In an effort to improve patients’ experiences and to increase the system throughput in the emergency department (ED), a large urban hospital in central Staten Island, New York, turned to a successful health care consulting company to assist them in identifying key issues and to recommend changes in their system. At the time, the busy emergency department (ED) served about 200 patients per day. The high volumes, coupled with the chaotic service practices, contributed to the frustration of both the patients and the hospital staff.
Hospital officials were concerned about a decline in ED service and realized that negative patient experiences had led to a loss of market share and an adverse impact on the hospital’s reputation. Contributing to this decline were large patient wait times, lack of formal protocols for nurses and doctors, and unacceptable door-to-door patient times. Initial evaluations indicated that the process could be improved by implementing system changes to restructure nurse staffing and emergency department functional tasking in order to eliminate redundancy and to unify the procedures for better service and improved patient flow. To quantify the assumptions made about the projected process improvement, the team needed a decision-support tool that would validate the initial recommendations. By developing a simulation model of the current ED, the system analysts would test their theories and use the tool to identify key bottlenecks and problem areas and ultimately seek a solution that would maximize the existing resources and reduce the duration of the patient stay.
Using Arena simulation software, Rockwell Automation consultants created a model of the existing ED to aid in the system analysis. By incorporating individual ED process spreadsheets, the analysts could evaluate a number of “what if” simulation model scenarios that allowed the hospital teams to visualize their departmental processes and interactions before making any significant system changes. Among the greatest challenges to the study was the considerable disparity in the decisionmaking processes being used by the hospital staff. It was difficult to collect data that accurately reflected the overall process as each patient moved through the system. It was also difficult to convince the hospital officials that the simulation model truly represented the operation of their facility.
Coupling an integrated Excel user interface with the Arena simulation model allowed the team to easily change various input requirements and review specific output values. The interface gave the team the flexibility to change the patient mix flowing through the ED and analyze Arenagenerated reports for quantified results. Additional changes to process delay times and resource schedules allowed for the creation of multiple scenarios. The team could then compare key performance indicators (KPIs) among the alternative scenarios. Arena-generated reports provided the team with quantitative data for review. Average door-to-door patient times in the system, resources utilizations, and throughput statistics were of particular concern to the hospital officials. The team was eager to see how the input factors affected the time each patient was spending in the ED. The project team created several scenarios with varying staff levels in order to determine whether increasing resources would significantly impact the patient time in the system. Additional scenarios allowed the project team to analyze the effect of decreased processing times on the service levels.

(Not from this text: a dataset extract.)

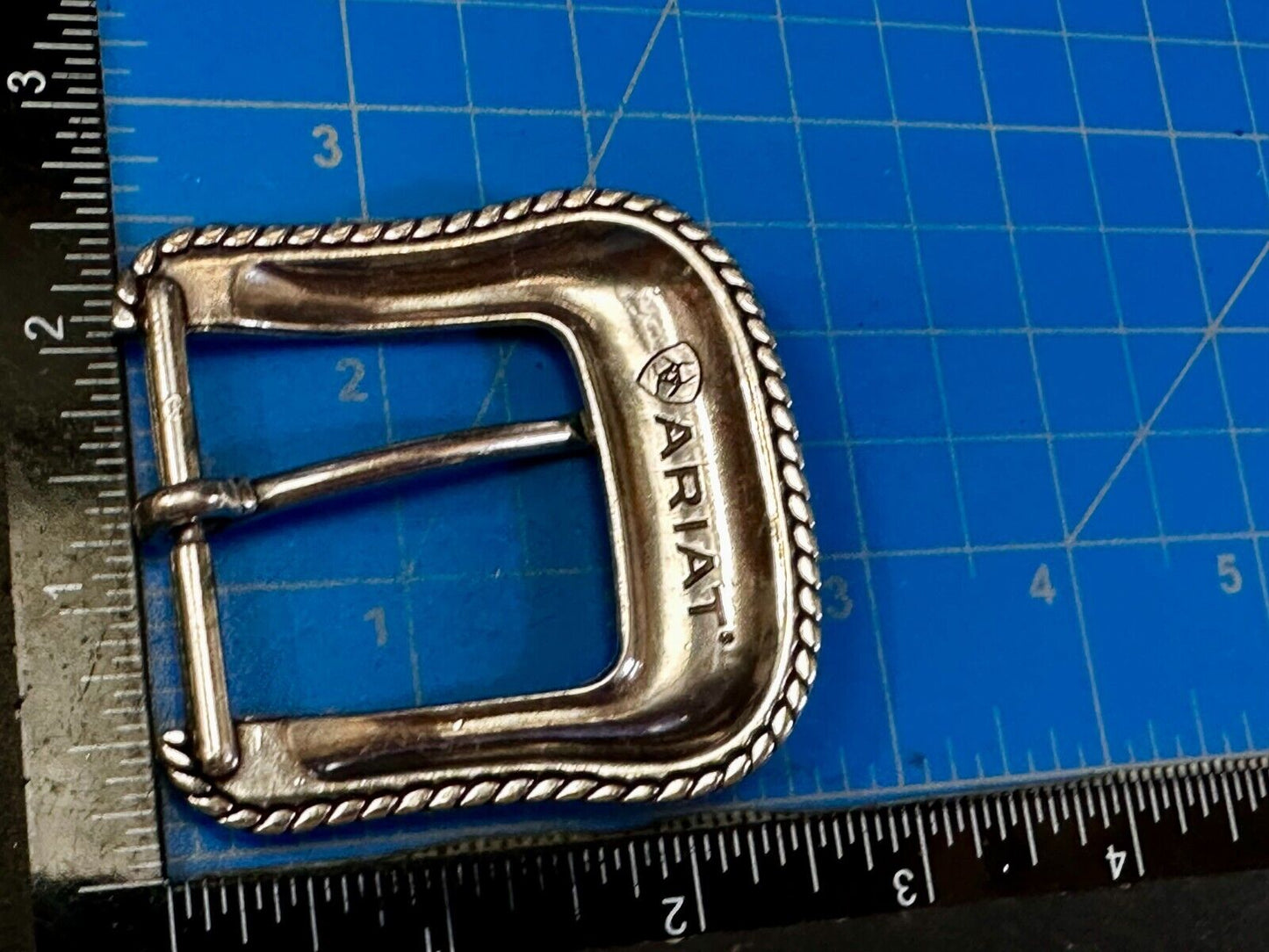 ARIAT Silver Belt Buckle A2108 Ranger Style Replacement Western Belt Buckle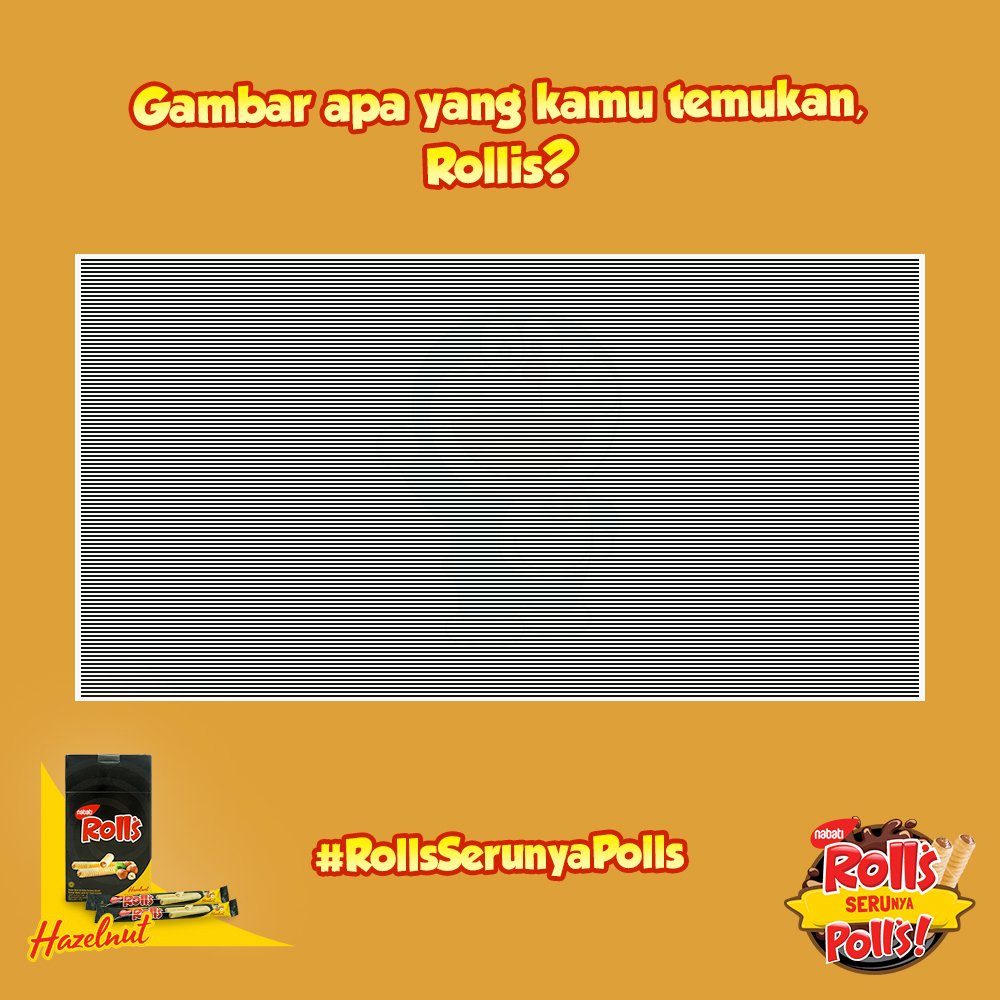 Lets_Rolls's tweet photo. Rollis, tes ketelitian mata kamu yuk!
Kamu bisa lihat gak nih, gambar apa yang tersembunyi?
Coba jawab dengan reply tweet ini!

#RollsSerunyaPolls #NgobRolls https://t.co/Gqjof1wFBx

The compelling results of the simulation study convinced the hospital officials that the key problem was due to an extensive amount of processing times and not insufficient resources. The simulation validated and quantified the impact of incorporating a “system-driven” ED rather than a one with overlapping functions and differing methods and procedures. It proved that increasing efficiencies within each process would have the effect of increasing throughput and significantly reducing the patient time in the system.
Although service levels could be improved within the current structure, the project team developed another simulation model to analyze the impact of merging the Main 1 and Main 2 EDs into a single ED. The two areas had been functioning as separate emergency departments with very distinct resources and processes. Through the Arena simulation model, the project team validated the perception that a single department with pooled resources and consistent protocols would dramatically improve the overall system effectiveness and, ultimately, enhance the patient experience.